Pensions alimentaires, loyers et travaux dans une villa à Cannes, indemnités kilométriques, voyages, restauration, esthétique… le président Benjamin Blanchet énumère, laconiquement, une série de dépenses tirées des comptes de la société de M. Botton.

Pour l’accusation, M. Botton a détourné, par le biais de cette société, entre « 54 et 61% » du total des dons réalisés au bénéfice de l’association « Ensemble contre la récidive », qu’il a fondée après avoir passé 20 mois en prison dans les années 1990.

Dans les comptes de cette société, baptisée « Au centre des projets », il aurait fait passer, entre 2013 et 2017, plusieurs centaines de milliers d’euros de dépenses personnelles pour des dépenses professionnelles, selon le parquet.

« En quoi cette société doit payer les pensions alimentaires que vous devez à titre personnel ? » commence le président du tribunal.

M. Botton explique avoir emprunté de l’argent à un investisseur suisse qui était aussi un ami. « Il a été convenu qu’il mette de l’argent au compte courant de la société et que je puisse utiliser cet argent à des fins personnelles », dit-il.

« Vous avez une condamnation, celle de la cour d’appel de Lyon en 1996, notamment pour abus de bien sociaux… Vous savez ce que c’est », s’étonne le magistrat, sceptique. « Ca ne fait pas tilt ? »

« Ca fait tilt », acquiesce M. Botton. « J’ai demandé aux experts-comptables: +est-ce que vous êtes sûrs que c’est bien la bonne méthode ?+ », poursuit-il, affirmant avoir « fait confiance » à des gens qui étaient pour lui « des autorités ».

« A aucun moment, compte tenu de ce qui est s’est passé dans ma vie, je ne peux faire passer sur la société un voyage en Thaïlande.
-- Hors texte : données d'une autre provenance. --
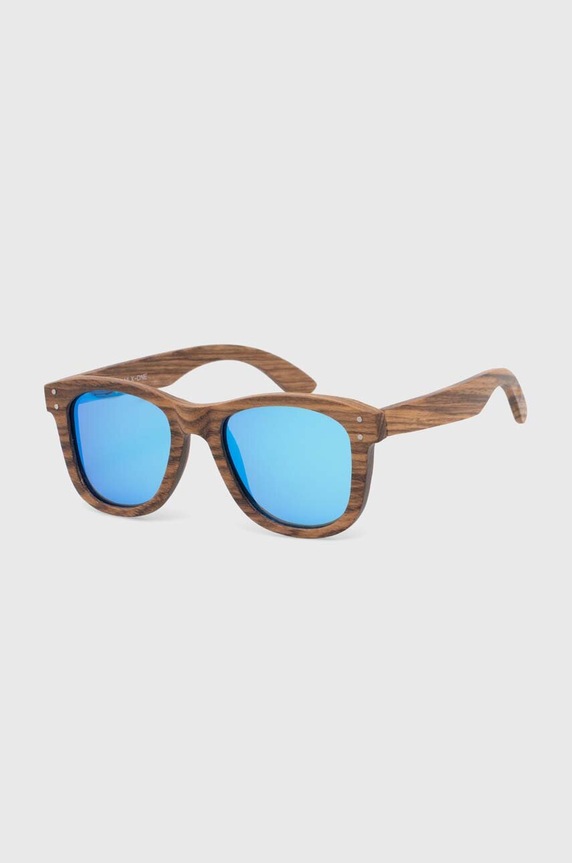 Okulary przeciwsłoneczne męskie z powłoką Revo i polaryzacją kolor multicolor lustrzana multicolor RS24-OKM503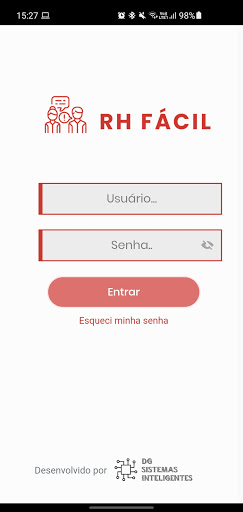 Android application RH Fácil screenshort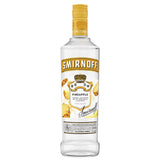 Smirnoff Pineapple-flavored vodka bottle on a white background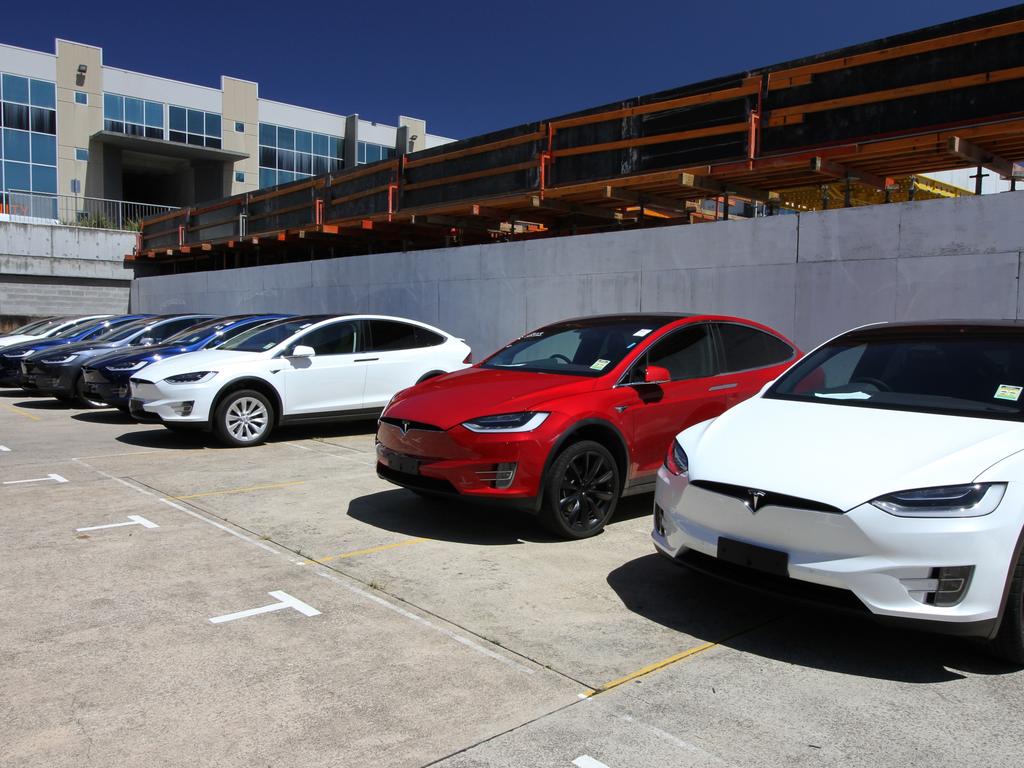 The fleet of Tesla limousines includes a mix of sedans and SUVs. One of Evoke’s sedans has clocked up more than 200,000km. Picture: Supplied.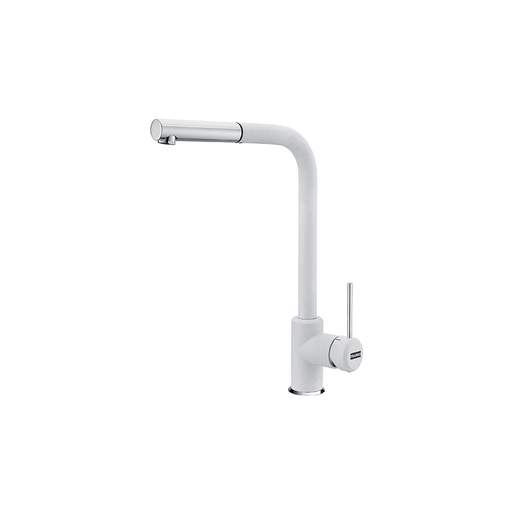 Franke česma za sudoper Sirius Doccia - krom/glečer bijela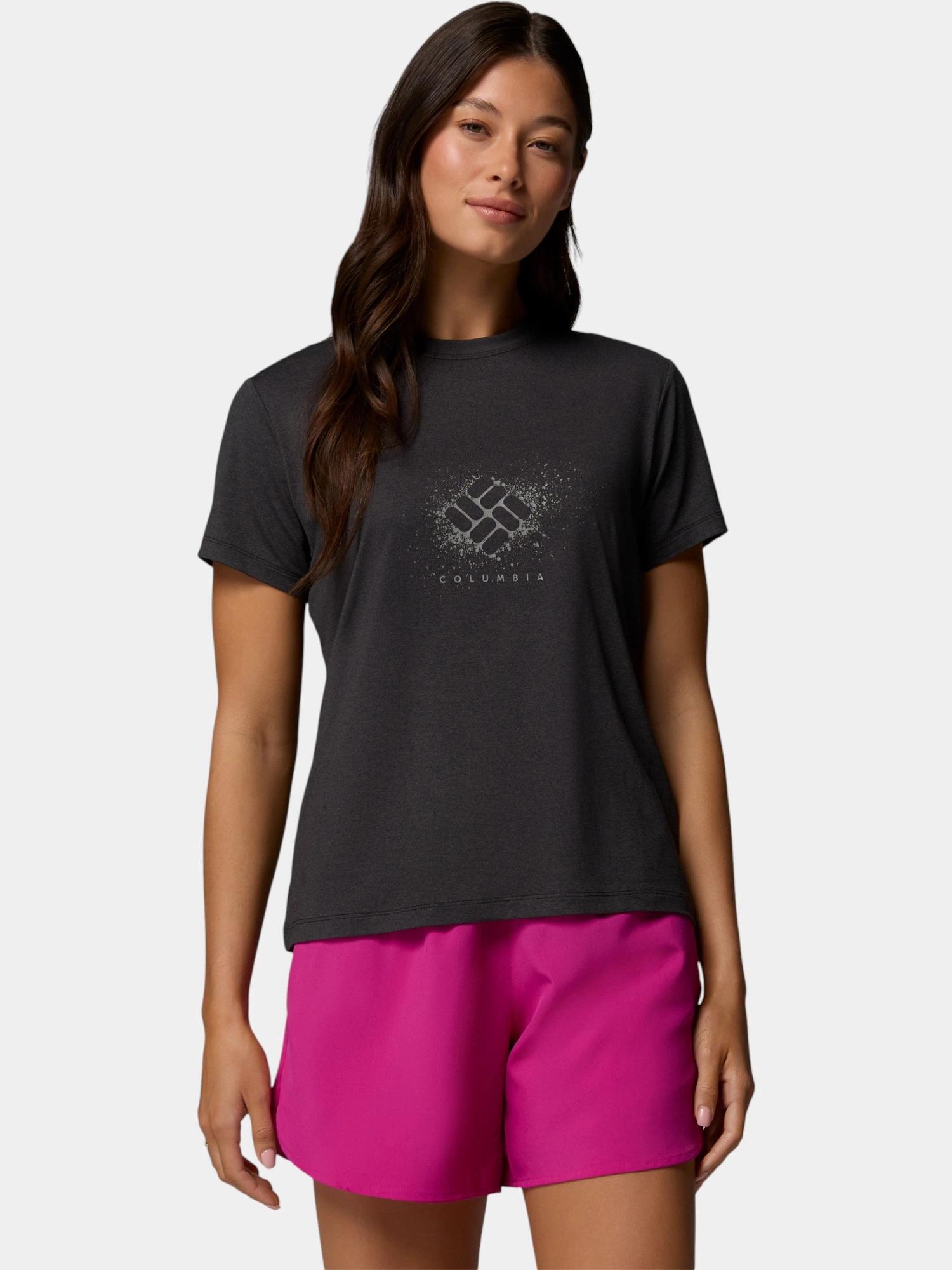 Tricou cu maneci scurte Parsons Point Short Sleeve Graphic Tee femei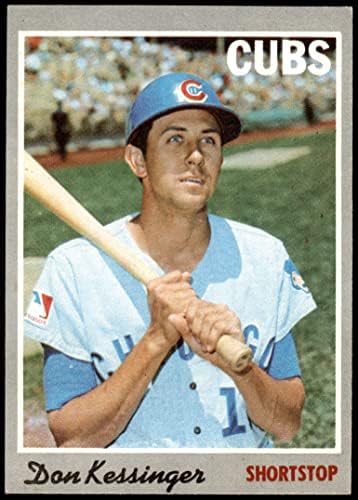 1970 Topps 80 Don Kessinger Chicago Cubs (Beyzbol Kartı) ESKİ Yavrular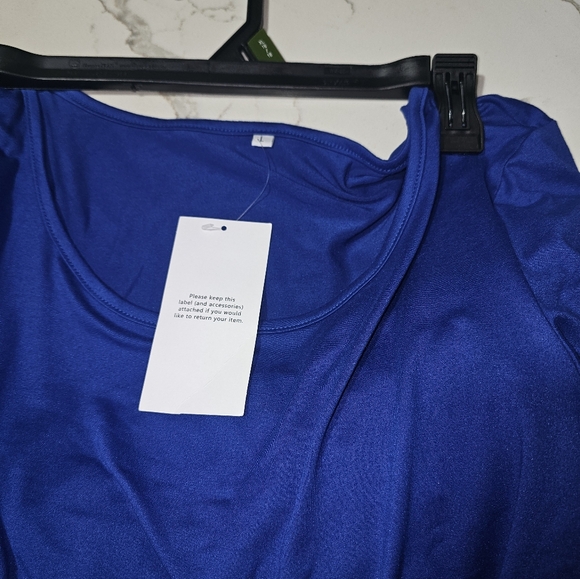 Blue Maternity Dress - Picture 2 of 8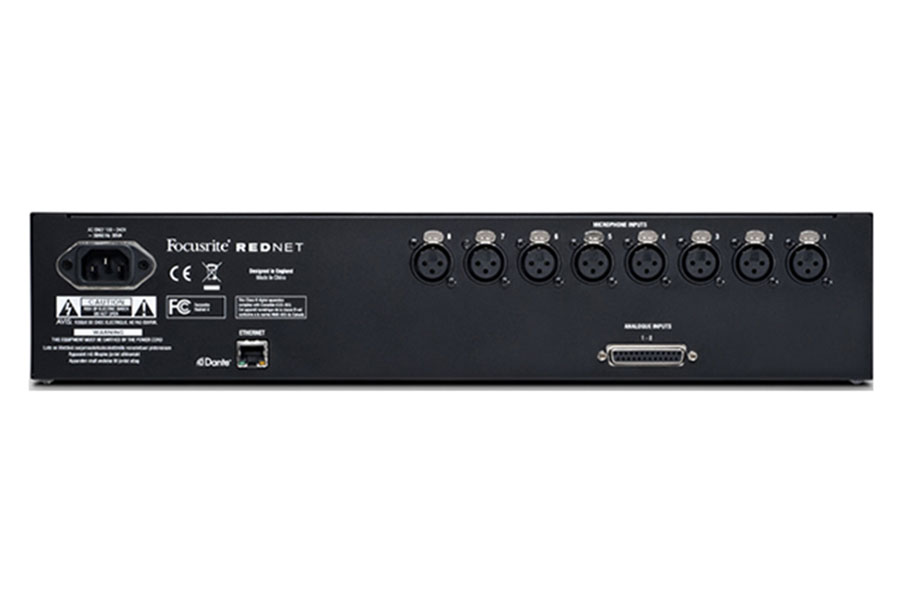 Focusrite フォーカスライト / RedNet 4 (8ch マイクプリ ADインターフェイス)【お取り寄せ商品】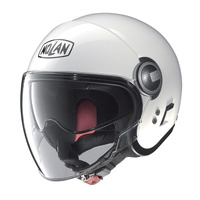Nolan N21 Open Face with Visor Motorcycle Helmet Metal White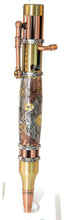 Load image into Gallery viewer, 3 Gen Pen Company Ballpoint Pen Silver with Brass highlights Steampunk Pen - Parker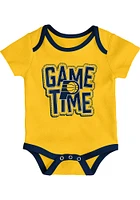 Indiana Pacers Baby Navy Blue Game Time 3PK One Piece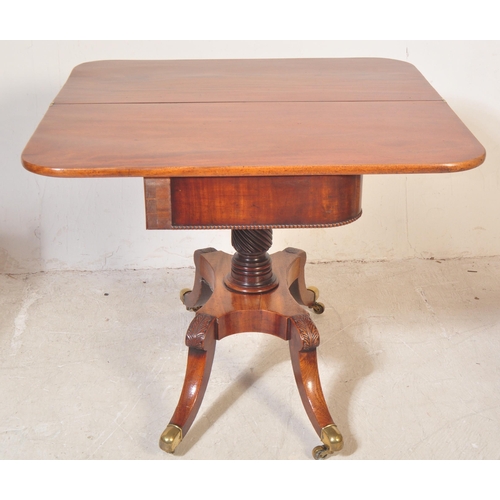 1485 - A Victorian 19th century mahogany tea / games card / table. The table having a fold over top with fi... 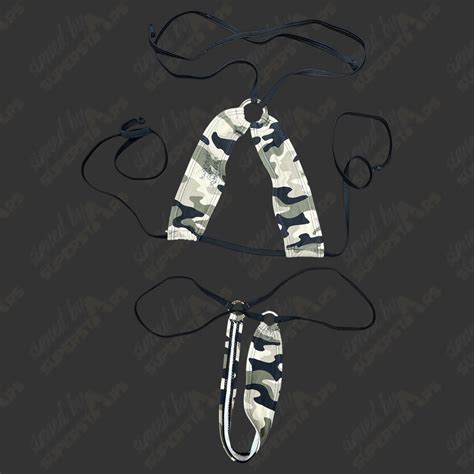 Mandy Rose signed Photoshoot Worn Camo Bikini (w/ JSA) – Signed By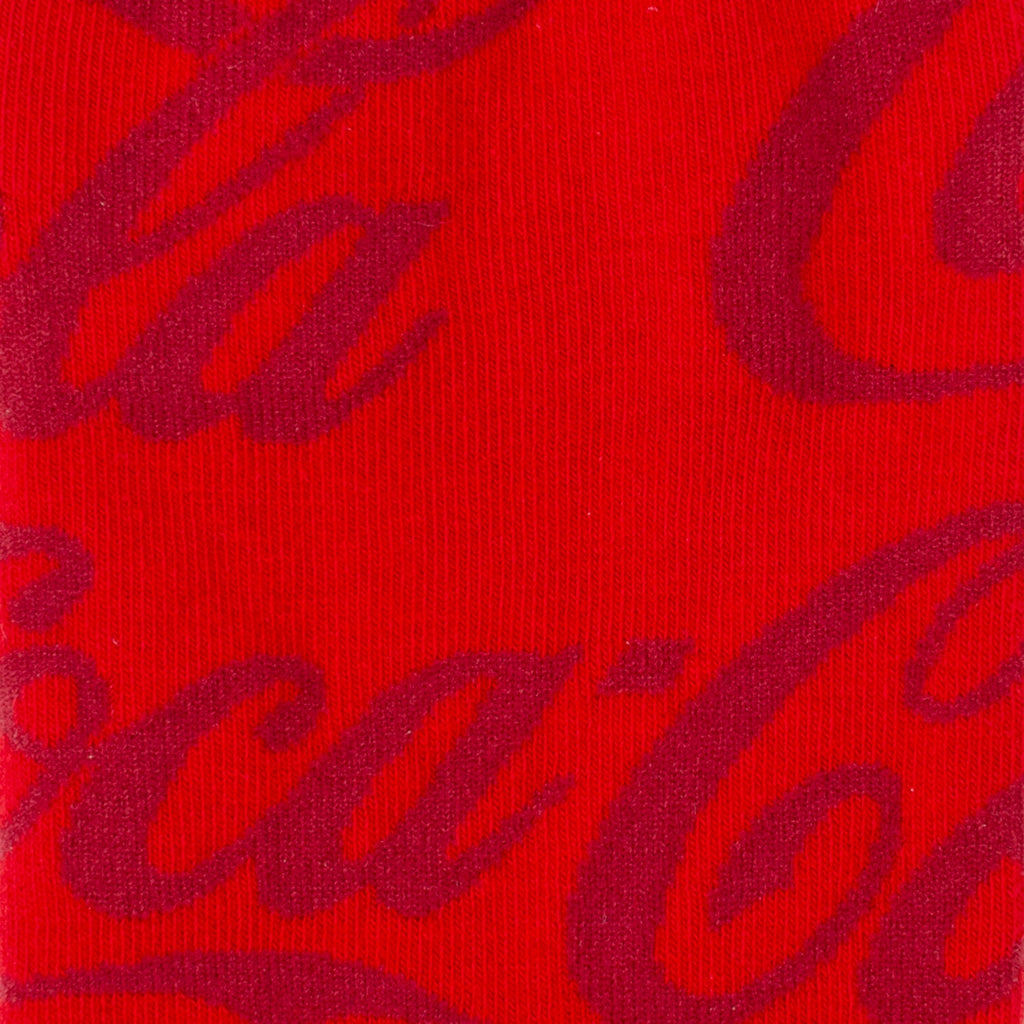 Coca-Cola Logo Pattern Red Dress Socks - Image 4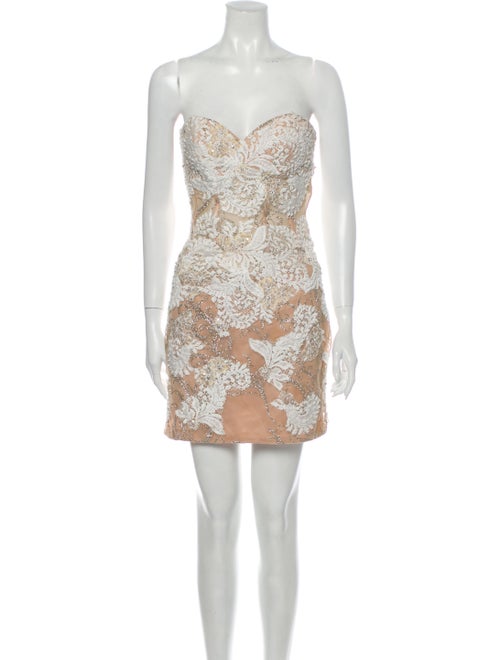 Jovani Strapless Mini Dress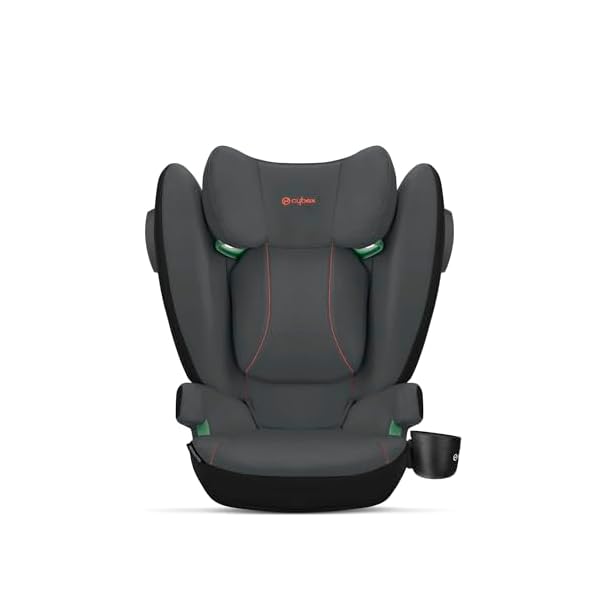 CYBEX Silver Kinder-Autositz Solution B4 i-Fix, Inkl. Getränkehalter, Für Autos mit und ohne ISOFIX, Ab ca. 3 bis 12 Jahre (100 - 150 cm), Ab ca. 15-50 kg, Steel Grey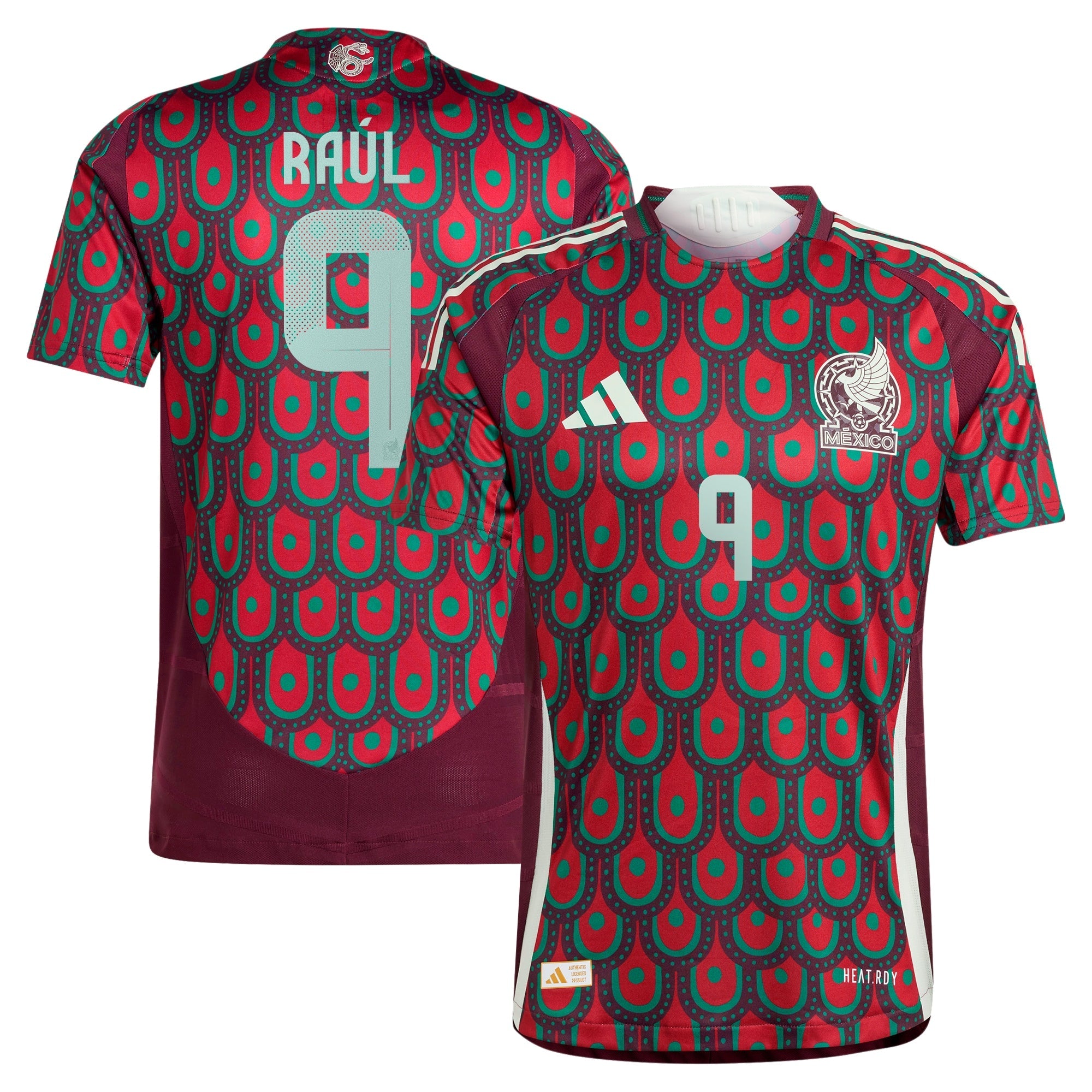 Raul Jimenez Mexico National Team 2024 Home Player Shirt - Burgundy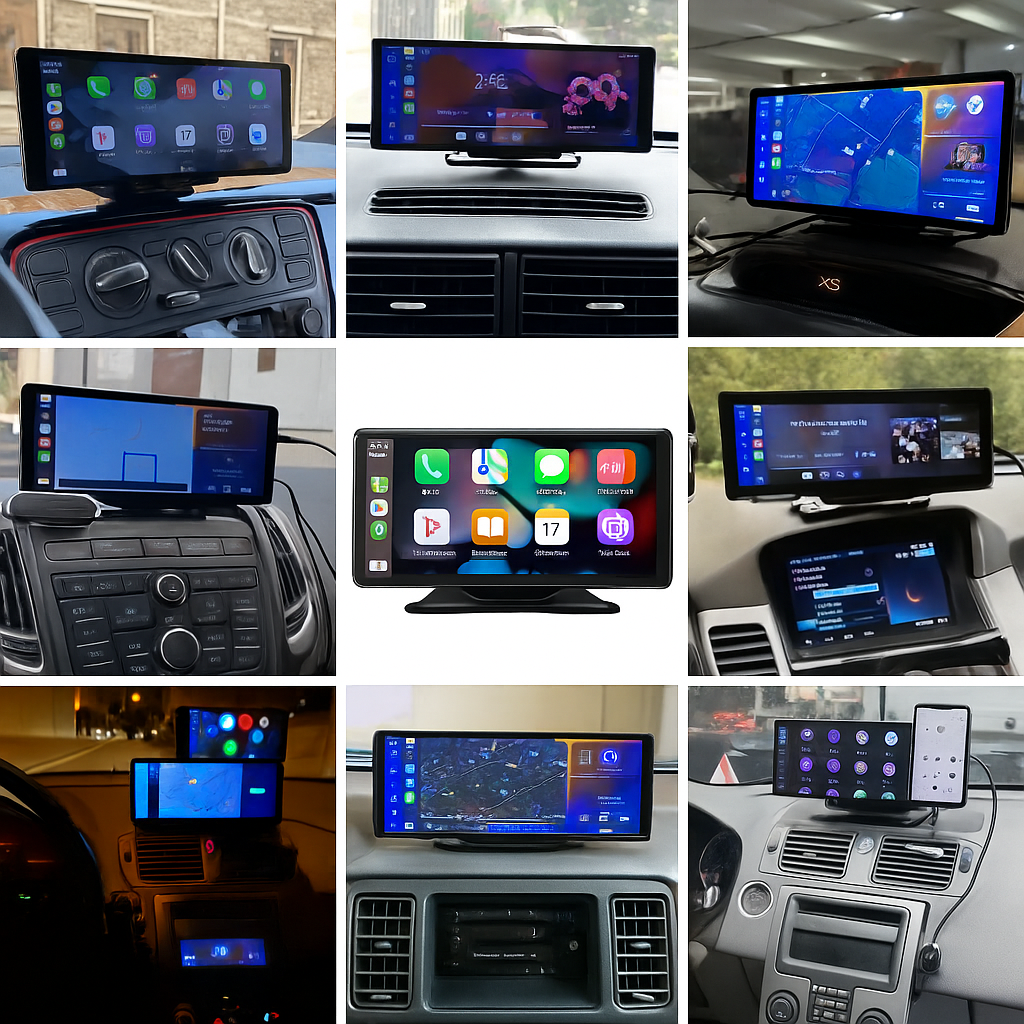 Navigatie Auto Universala | Apple CarPlay/Android Auto | 10 inc |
Je ne suis pas fou ! », s’emporte-t-il.

– « Légalité » –

En 1996, M. Botton a été condamné dans le cadre d’une affaire politico-financière impliquant celui qui était alors son beau-père, Michel Noir, ancien ministre RPR et maire de Lyon.

A sa sortie de prison, il a décidé de s’engager pour améliorer les conditions de détention et lutter contre la récidive. Il a mené une série d’actions à travers son association, en lien avec les pouvoirs publics et en récoltant des financements auprès de grandes entreprises.

Après une enquête préliminaire ouverte en 2017, il a cependant été renvoyé devant la justice, notamment pour « abus de confiance », « abus de biens sociaux » et « escroquerie ».

Le président du tribunal poursuit sur les frais: les loyers et travaux liés à une villa de Cannes pour 108.500 euros ? Il l’utilisait pour des déplacements professionnels, justifie M. Botton. Les dépenses liées à son logement personnel pour 90.400 euros ? C’était aussi le siège social de sa société, dit-il.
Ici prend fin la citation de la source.